After an overnight stop in Inverness there’s much excitement for the day ahead. The route will see us spearing back down south, but only after we’ve headed northwest to the fishing port of Ullapool and beyond to Kylesku bridge. An early start to exploit the light and quiet roads, these become even more meandering the further north we head. Kylesku offers a curious mix of coastal roads and mountains, with the resultant cocktail of changeable weather and a view from the beautiful bridge that changes every time you cross it.
Temptation in the V12 Speedster is building; the roads are so good here, deserted and streaming wet. What follows are some incredible miles giving the V12 Speedster a decent workout. Doing so reveals that it just keeps getting better, the rain not detracting from the experience but actually adding to it. Indeed, it’s the absurdity of the situation that makes it impossible not to find yourself grinning manically as you revel in the purity of the drive, taking driving back to basics.
By definition, supercars are pointless things, but with the V12 Speedster there’s an element in the driving mix that means it can genuinely be enjoyed at speeds that aren’t antisocial. That’s reinforced on the route south, passing back around Inverness towards Nairn, then heading towards Grantown-on-Spey where we stop for the obligatory Scottish delicacy of haggis and chips, before tracing the routes of my youth on Scotland’s snow roads.
There’s no traffic, save for the odd local on the road climbing past two of Scotland’s ski areas, the Lecht and Glenshee. The views here are epic and the roads as memorable to drive as I remember from all those years ago. The rain is now biblical and in the bigger towns on our journey back to Stirling it means many lights and greater traffic. The cabin gets a bit damp, although not enough to dampen my enthusiasm – however ridiculous I might look being rained on at the occasional red lights.

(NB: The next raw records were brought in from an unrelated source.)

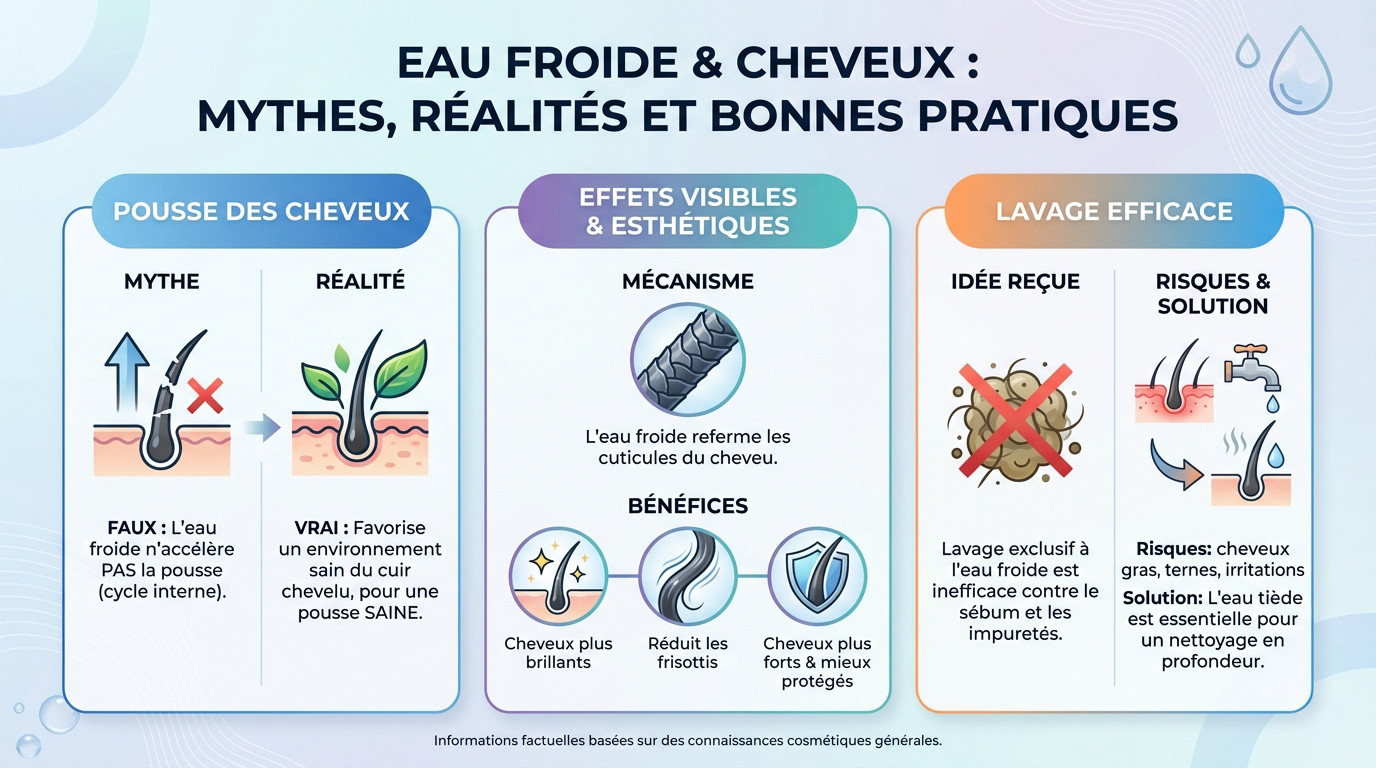 Homme se rinçant les cheveux à l'eau froide pour stimuler le cuir chevelu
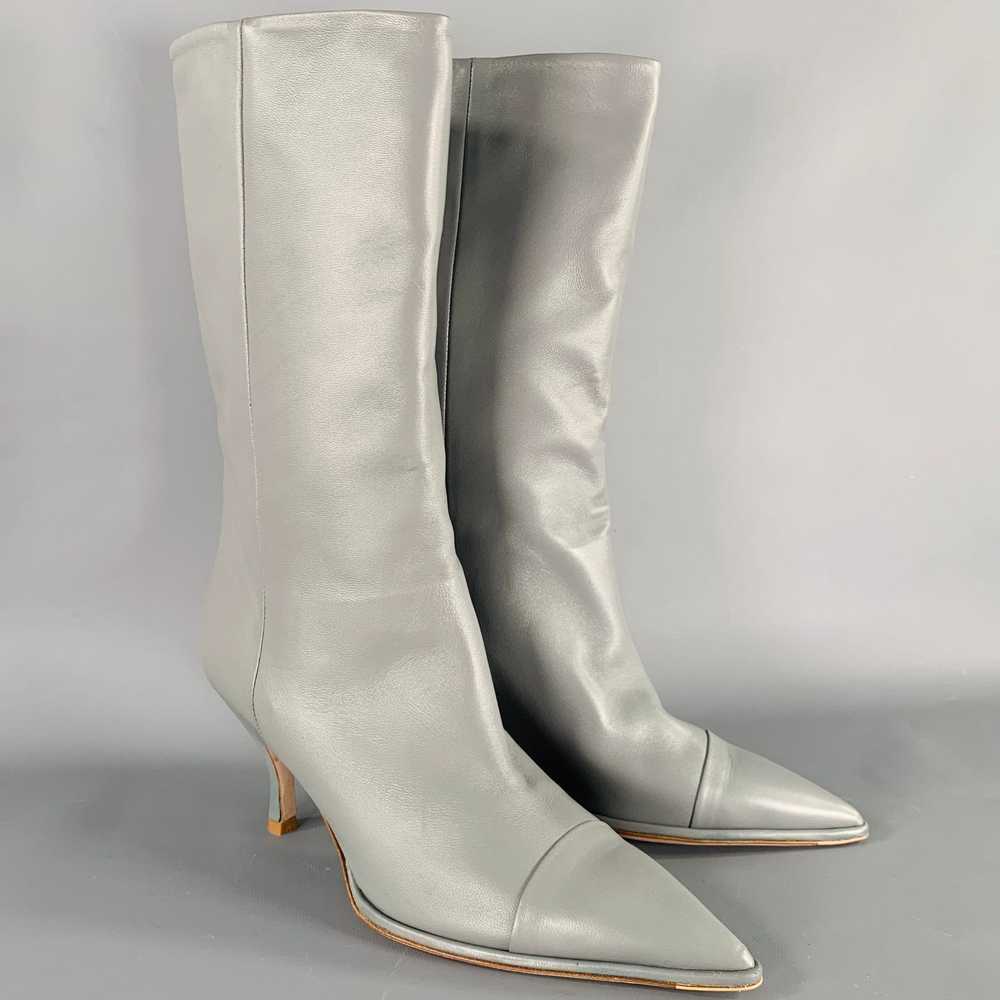 Other Grey Leather Kitten Heel Boots - image 1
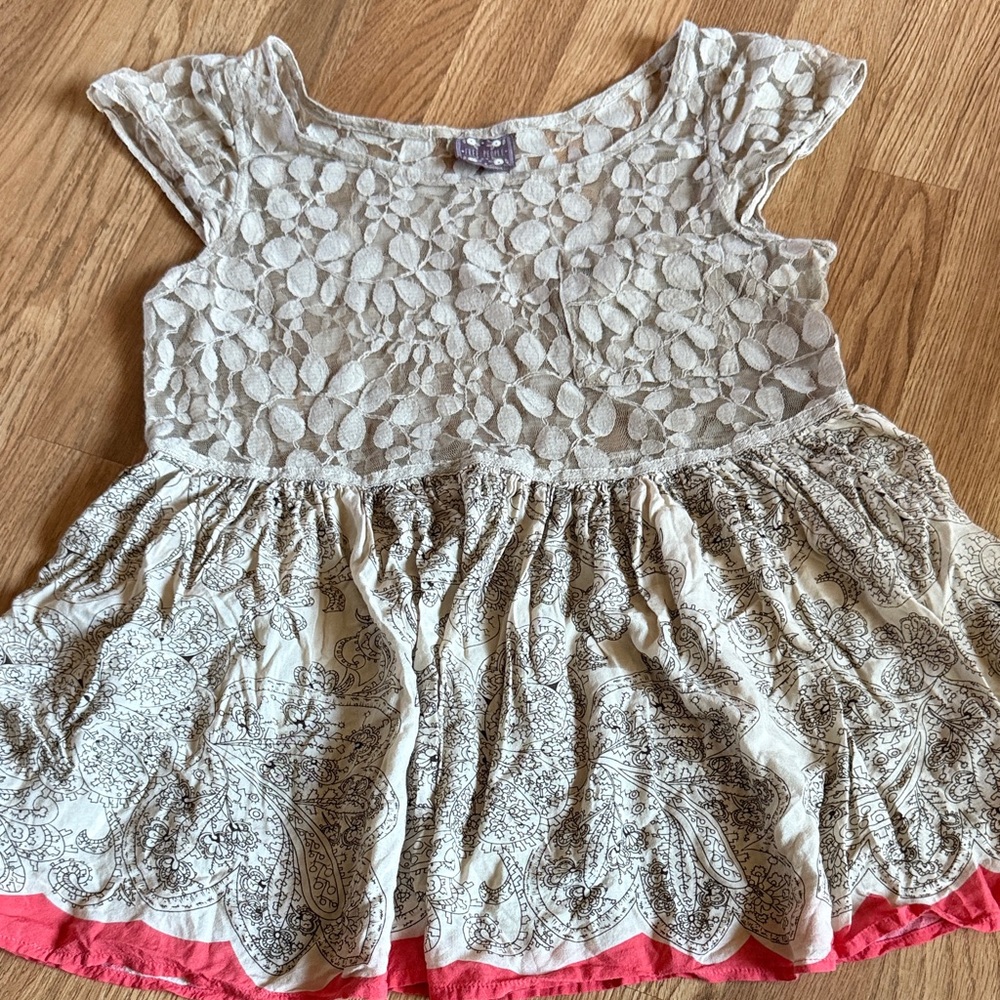 Free People Babydoll Floral Lace Sheer Top Cream and Salmon Pink M
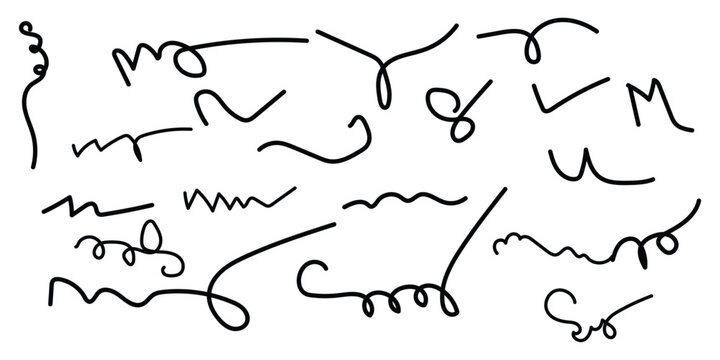 Hand Drawn Scribble Lines and Doodle Curves Collection  Abstract Minimal Line Art Elements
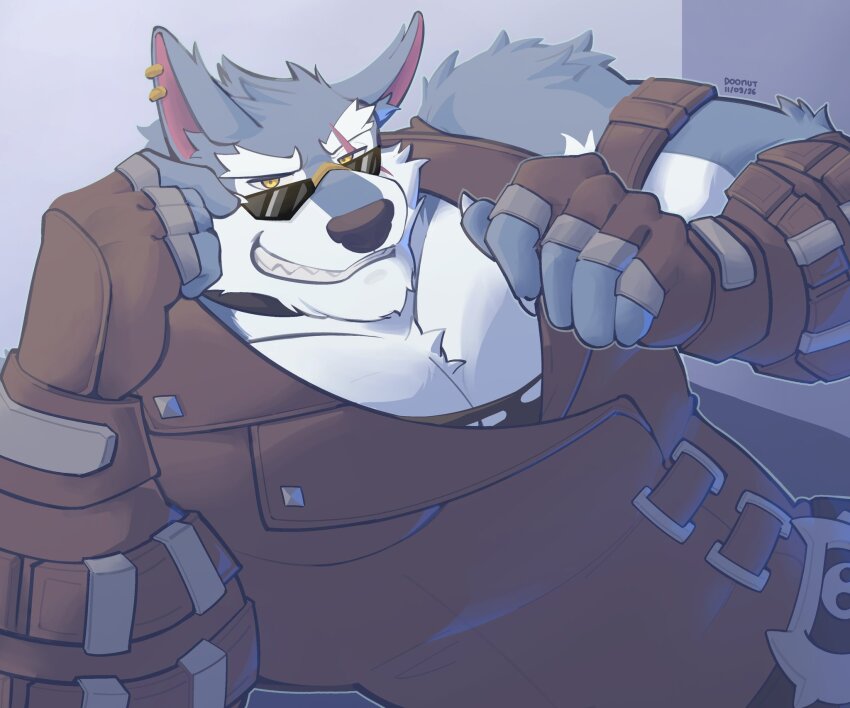 1boy, animal_ears, bara, black_vest, claws, commentary, dislyte, dododoonut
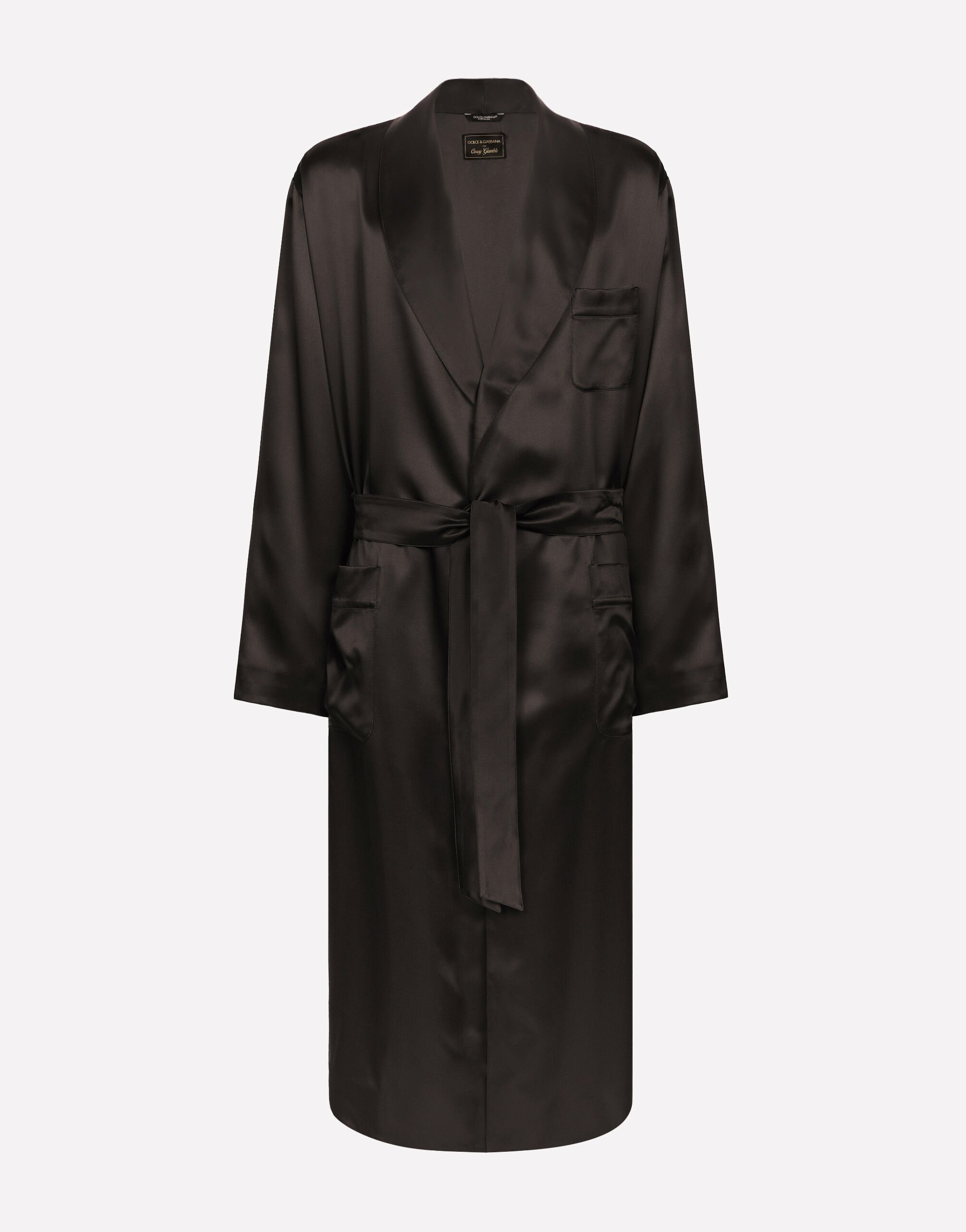 Dolce&Gabbana Silk satin robe with metal DG logo Black G710PTFU26Z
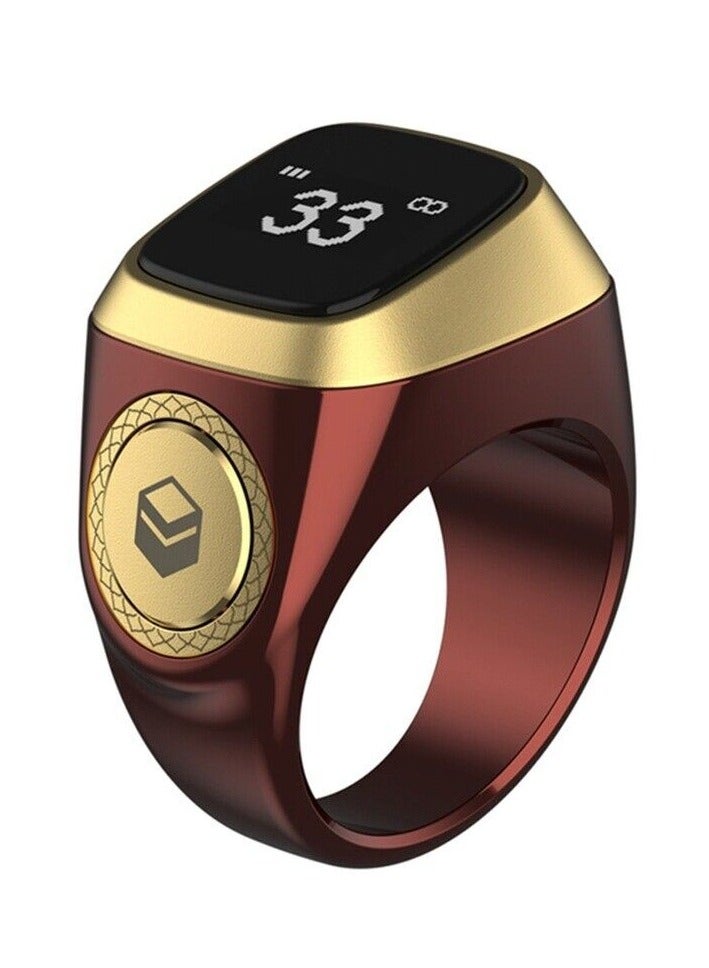iQIBLA Iqibla Smart Tasbih Zikr Ring Muslim Prayer Prayer timing reminder OLED display Tasbih Counter Smart Ring Wearable Brown 20mm USB - Image 1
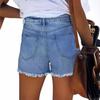 European & American Retro High-Waisted Floral Ripped Denim Shorts - Women's Slim Fit Jeans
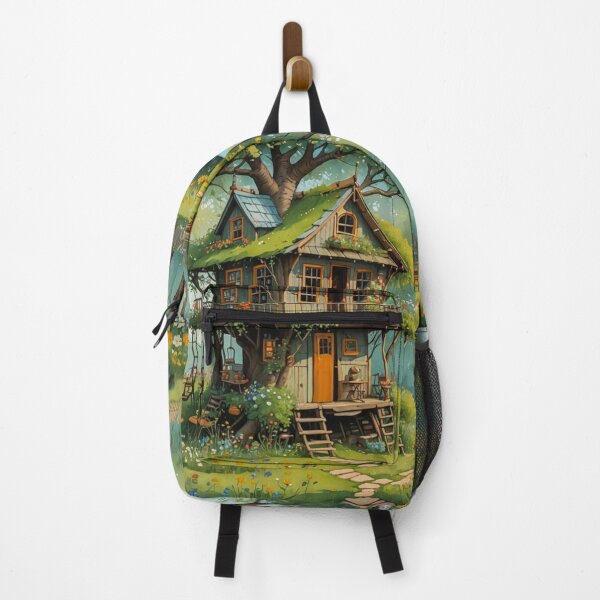 Item preview, The Hideout Cute Fantasy Wooden Tree House in the Meadow With Spring Flowers and Dandelions Garden - Whimsical Illustration designed and sold by MyArt23.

It’s improbable that any of the 88 owners of the V12 Speedster will ever do so, but I’d heartily recommend taking your V12 Speedster for a long drive on proper roads, in any weather, because to do so reveals how very special it really is. Every single one of those 650 miles we’ve covered have been good for the soul, and every one of them tattooed on my memory, while the V12 Speedster has put smiles on everyone else’s faces, wherever we’ve been. If that’s not something worth celebrating then I don’t know what is. The V12 Speedster is a special car – but it’s even more so when used as intended.